THE RECORDS: Begin

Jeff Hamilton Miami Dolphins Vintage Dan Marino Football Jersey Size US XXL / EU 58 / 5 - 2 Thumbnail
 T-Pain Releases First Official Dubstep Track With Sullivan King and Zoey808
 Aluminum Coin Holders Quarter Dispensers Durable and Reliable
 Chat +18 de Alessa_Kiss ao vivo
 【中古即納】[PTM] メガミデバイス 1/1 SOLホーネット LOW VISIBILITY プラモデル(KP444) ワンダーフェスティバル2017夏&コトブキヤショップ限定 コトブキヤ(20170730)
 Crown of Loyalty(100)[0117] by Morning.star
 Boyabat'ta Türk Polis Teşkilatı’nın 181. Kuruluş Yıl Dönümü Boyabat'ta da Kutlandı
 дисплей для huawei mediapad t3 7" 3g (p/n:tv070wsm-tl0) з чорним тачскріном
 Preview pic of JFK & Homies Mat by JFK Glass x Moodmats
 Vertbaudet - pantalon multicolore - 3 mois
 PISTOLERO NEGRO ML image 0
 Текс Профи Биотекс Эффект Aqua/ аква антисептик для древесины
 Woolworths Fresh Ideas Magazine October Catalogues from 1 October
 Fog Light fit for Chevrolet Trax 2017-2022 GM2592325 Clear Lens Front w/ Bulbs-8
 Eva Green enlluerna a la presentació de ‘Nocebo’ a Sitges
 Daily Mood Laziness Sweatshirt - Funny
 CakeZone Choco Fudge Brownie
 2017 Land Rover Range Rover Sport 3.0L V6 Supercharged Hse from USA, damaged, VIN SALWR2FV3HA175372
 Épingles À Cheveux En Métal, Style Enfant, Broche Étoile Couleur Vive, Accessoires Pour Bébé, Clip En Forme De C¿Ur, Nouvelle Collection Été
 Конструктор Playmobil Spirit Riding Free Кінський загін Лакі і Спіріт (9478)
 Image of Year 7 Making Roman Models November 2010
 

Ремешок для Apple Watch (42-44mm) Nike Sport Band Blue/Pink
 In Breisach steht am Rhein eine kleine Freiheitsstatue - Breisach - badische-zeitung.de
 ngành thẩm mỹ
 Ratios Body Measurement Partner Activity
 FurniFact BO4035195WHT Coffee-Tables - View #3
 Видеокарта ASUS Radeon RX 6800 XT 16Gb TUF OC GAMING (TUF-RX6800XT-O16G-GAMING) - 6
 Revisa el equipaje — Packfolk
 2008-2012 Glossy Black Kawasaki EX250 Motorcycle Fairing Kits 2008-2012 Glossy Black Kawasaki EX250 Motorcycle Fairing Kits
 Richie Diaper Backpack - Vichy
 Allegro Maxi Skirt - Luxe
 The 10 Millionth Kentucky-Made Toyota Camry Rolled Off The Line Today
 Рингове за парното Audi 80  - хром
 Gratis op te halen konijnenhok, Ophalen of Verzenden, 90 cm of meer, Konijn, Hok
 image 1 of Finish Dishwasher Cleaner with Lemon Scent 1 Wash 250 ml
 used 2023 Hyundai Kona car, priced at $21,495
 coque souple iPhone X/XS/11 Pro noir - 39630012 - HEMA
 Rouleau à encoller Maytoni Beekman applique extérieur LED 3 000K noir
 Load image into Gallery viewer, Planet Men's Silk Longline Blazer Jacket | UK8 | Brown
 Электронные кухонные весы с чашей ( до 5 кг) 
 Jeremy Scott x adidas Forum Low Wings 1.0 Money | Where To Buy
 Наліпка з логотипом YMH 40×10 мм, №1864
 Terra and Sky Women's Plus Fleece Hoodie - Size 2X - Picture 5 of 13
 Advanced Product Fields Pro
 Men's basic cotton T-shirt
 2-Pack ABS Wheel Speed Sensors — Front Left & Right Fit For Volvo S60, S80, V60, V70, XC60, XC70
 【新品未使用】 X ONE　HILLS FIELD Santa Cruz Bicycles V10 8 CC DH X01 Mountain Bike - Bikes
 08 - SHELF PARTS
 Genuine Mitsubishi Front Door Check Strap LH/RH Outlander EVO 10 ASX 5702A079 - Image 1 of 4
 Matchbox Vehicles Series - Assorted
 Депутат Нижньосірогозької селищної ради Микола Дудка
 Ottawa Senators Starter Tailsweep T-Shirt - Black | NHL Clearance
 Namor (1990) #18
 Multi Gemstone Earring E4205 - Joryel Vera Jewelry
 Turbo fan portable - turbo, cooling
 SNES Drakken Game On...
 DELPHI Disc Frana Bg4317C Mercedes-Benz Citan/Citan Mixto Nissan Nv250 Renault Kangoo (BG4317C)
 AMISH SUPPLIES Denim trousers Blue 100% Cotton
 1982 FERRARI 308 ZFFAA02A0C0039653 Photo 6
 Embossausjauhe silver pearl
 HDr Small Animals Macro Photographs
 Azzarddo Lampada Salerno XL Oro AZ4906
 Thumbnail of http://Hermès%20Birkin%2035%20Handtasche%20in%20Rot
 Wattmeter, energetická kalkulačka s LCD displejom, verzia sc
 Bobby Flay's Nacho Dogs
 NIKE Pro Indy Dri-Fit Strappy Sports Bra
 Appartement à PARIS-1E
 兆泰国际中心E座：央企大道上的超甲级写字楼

THE RECORDS: End

Write out the whole listing verbatim.

Jeff Hamilton Miami Dolphins Vintage Dan Marino Football Jersey Size US XXL / EU 58 / 5 - 2 Thumbnail
 T-Pain Releases First Official Dubstep Track With Sullivan King and Zoey808
 Aluminum Coin Holders Quarter Dispensers Durable and Reliable
 Chat +18 de Alessa_Kiss ao vivo
 【中古即納】[PTM] メガミデバイス 1/1 SOLホーネット LOW VISIBILITY プラモデル(KP444) ワンダーフェスティバル2017夏&コトブキヤショップ限定 コトブキヤ(20170730)
 Crown of Loyalty(100)[0117] by Morning.star
 Boyabat'ta Türk Polis Teşkilatı’nın 181. Kuruluş Yıl Dönümü Boyabat'ta da Kutlandı
 дисплей для huawei mediapad t3 7" 3g (p/n:tv070wsm-tl0) з чорним тачскріном
 Preview pic of JFK & Homies Mat by JFK Glass x Moodmats
 Vertbaudet - pantalon multicolore - 3 mois
 PISTOLERO NEGRO ML image 0
 Текс Профи Биотекс Эффект Aqua/ аква антисептик для древесины
 Woolworths Fresh Ideas Magazine October Catalogues from 1 October
 Fog Light fit for Chevrolet Trax 2017-2022 GM2592325 Clear Lens Front w/ Bulbs-8
 Eva Green enlluerna a la presentació de ‘Nocebo’ a Sitges
 Daily Mood Laziness Sweatshirt - Funny
 CakeZone Choco Fudge Brownie
 2017 Land Rover Range Rover Sport 3.0L V6 Supercharged Hse from USA, damaged, VIN SALWR2FV3HA175372
 Épingles À Cheveux En Métal, Style Enfant, Broche Étoile Couleur Vive, Accessoires Pour Bébé, Clip En Forme De C¿Ur, Nouvelle Collection Été
 Конструктор Playmobil Spirit Riding Free Кінський загін Лакі і Спіріт (9478)
 Image of Year 7 Making Roman Models November 2010
 

Ремешок для Apple Watch (42-44mm) Nike Sport Band Blue/Pink
 In Breisach steht am Rhein eine kleine Freiheitsstatue - Breisach - badische-zeitung.de
 ngành thẩm mỹ
 Ratios Body Measurement Partner Activity
 FurniFact BO4035195WHT Coffee-Tables - View #3
 Видеокарта ASUS Radeon RX 6800 XT 16Gb TUF OC GAMING (TUF-RX6800XT-O16G-GAMING) - 6
 Revisa el equipaje — Packfolk
 2008-2012 Glossy Black Kawasaki EX250 Motorcycle Fairing Kits 2008-2012 Glossy Black Kawasaki EX250 Motorcycle Fairing Kits
 Richie Diaper Backpack - Vichy
 Allegro Maxi Skirt - Luxe
 The 10 Millionth Kentucky-Made Toyota Camry Rolled Off The Line Today
 Рингове за парното Audi 80  - хром
 Gratis op te halen konijnenhok, Ophalen of Verzenden, 90 cm of meer, Konijn, Hok
 image 1 of Finish Dishwasher Cleaner with Lemon Scent 1 Wash 250 ml
 used 2023 Hyundai Kona car, priced at $21,495
 coque souple iPhone X/XS/11 Pro noir - 39630012 - HEMA
 Rouleau à encoller Maytoni Beekman applique extérieur LED 3 000K noir
 Load image into Gallery viewer, Planet Men's Silk Longline Blazer Jacket | UK8 | Brown
 Электронные кухонные весы с чашей ( до 5 кг) 
 Jeremy Scott x adidas Forum Low Wings 1.0 Money | Where To Buy
 Наліпка з логотипом YMH 40×10 мм, №1864
 Terra and Sky Women's Plus Fleece Hoodie - Size 2X - Picture 5 of 13
 Advanced Product Fields Pro
 Men's basic cotton T-shirt
 2-Pack ABS Wheel Speed Sensors — Front Left & Right Fit For Volvo S60, S80, V60, V70, XC60, XC70
 【新品未使用】 X ONE　HILLS FIELD Santa Cruz Bicycles V10 8 CC DH X01 Mountain Bike - Bikes
 08 - SHELF PARTS
 Genuine Mitsubishi Front Door Check Strap LH/RH Outlander EVO 10 ASX 5702A079 - Image 1 of 4
 Matchbox Vehicles Series - Assorted
 Депутат Нижньосірогозької селищної ради Микола Дудка
 Ottawa Senators Starter Tailsweep T-Shirt - Black | NHL Clearance
 Namor (1990) #18
 Multi Gemstone Earring E4205 - Joryel Vera Jewelry
 Turbo fan portable - turbo, cooling
 SNES Drakken Game On...
 DELPHI Disc Frana Bg4317C Mercedes-Benz Citan/Citan Mixto Nissan Nv250 Renault Kangoo (BG4317C)
 AMISH SUPPLIES Denim trousers Blue 100% Cotton
 1982 FERRARI 308 ZFFAA02A0C0039653 Photo 6
 Embossausjauhe silver pearl
 HDr Small Animals Macro Photographs
 Azzarddo Lampada Salerno XL Oro AZ4906
 Thumbnail of http://Hermès%20Birkin%2035%20Handtasche%20in%20Rot
 Wattmeter, energetická kalkulačka s LCD displejom, verzia sc
 Bobby Flay's Nacho Dogs
 NIKE Pro Indy Dri-Fit Strappy Sports Bra
 Appartement à PARIS-1E
 兆泰国际中心E座：央企大道上的超甲级写字楼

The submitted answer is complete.